Generally, motorcycle buyers borrow a motorcycle loan to fund their purchase. If their financial position is strong, they would have no problem in securing a loan. But a person going through hard times financially, may find it difficult to get a willing lender. He would have defaulted on other installment payments which would have affected his credit score adversely. So the loan, if granted, would be a bad credit motorcycle loan – a risky proposition for lenders.
Those who are willing to lend such loans, try to protect themselves from the risk of loss caused by default, by charging heavy interest rates, limiting the loan tenure or charging exorbitant fees. The lender could be a bank, a credit union or an online lender.

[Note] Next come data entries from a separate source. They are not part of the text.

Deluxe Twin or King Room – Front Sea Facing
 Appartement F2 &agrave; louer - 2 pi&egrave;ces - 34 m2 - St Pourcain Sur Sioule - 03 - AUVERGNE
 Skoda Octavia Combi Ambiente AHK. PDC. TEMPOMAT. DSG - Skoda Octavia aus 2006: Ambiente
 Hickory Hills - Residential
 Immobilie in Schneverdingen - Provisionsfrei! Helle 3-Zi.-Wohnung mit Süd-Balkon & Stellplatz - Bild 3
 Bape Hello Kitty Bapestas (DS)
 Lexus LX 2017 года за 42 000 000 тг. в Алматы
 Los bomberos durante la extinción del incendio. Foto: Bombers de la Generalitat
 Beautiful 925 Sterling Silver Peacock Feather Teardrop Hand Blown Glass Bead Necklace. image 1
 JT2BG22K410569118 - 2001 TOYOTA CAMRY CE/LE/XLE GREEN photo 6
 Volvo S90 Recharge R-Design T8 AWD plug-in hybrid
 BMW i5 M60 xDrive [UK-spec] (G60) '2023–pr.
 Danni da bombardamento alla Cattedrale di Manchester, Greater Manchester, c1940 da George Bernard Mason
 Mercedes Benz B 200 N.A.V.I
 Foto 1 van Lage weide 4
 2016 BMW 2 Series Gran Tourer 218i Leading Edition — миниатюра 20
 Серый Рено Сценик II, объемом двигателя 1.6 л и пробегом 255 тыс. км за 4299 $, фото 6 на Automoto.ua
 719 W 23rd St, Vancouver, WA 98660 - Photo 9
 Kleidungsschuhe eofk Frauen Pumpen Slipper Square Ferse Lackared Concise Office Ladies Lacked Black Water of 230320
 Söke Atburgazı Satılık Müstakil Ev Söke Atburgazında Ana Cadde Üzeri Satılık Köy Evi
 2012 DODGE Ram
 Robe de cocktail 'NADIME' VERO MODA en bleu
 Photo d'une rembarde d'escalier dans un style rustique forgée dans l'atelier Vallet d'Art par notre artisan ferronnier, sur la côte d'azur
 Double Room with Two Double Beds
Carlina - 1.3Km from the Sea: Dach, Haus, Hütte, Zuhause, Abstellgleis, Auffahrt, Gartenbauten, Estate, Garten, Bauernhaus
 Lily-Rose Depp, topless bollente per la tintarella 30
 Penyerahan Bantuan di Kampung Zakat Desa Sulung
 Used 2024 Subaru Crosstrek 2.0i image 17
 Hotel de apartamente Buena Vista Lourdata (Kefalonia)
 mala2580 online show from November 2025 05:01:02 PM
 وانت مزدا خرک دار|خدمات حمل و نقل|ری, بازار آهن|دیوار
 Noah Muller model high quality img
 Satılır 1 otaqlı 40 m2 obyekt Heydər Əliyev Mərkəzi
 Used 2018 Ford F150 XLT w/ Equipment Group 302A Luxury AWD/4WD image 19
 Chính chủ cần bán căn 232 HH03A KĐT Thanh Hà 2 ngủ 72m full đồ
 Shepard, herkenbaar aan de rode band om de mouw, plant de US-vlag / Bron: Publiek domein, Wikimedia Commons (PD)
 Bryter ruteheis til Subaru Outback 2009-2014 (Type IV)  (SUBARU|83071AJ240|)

Some banks do grant bad credit motorcycle loan requests at a reasonable rate of interest. The loan applicant is thrilled that he has not been penalized for his bad credit. He does not notice the fine print and immediately takes the loan. What he would not know is that the bank has not charged a very high rate of interest because it has charged a very high loan processing fee. This brings us to the matter of discussion – What is the maximum fee that a bank can charge? That depends on the state in which the bank lies and the rules applicable in that state. To protect borrowers, governments generally fix a percentage limit of the loan beyond which a bank cannot charge loan fees.
A person borrowing a bad credit motorcycle loan needs to check the loan processing fee charged by the bank. A high fee and a low interest rate are not necessarily beneficial to the borrower and he needs to do appropriate calculations to see if the loan is feasible.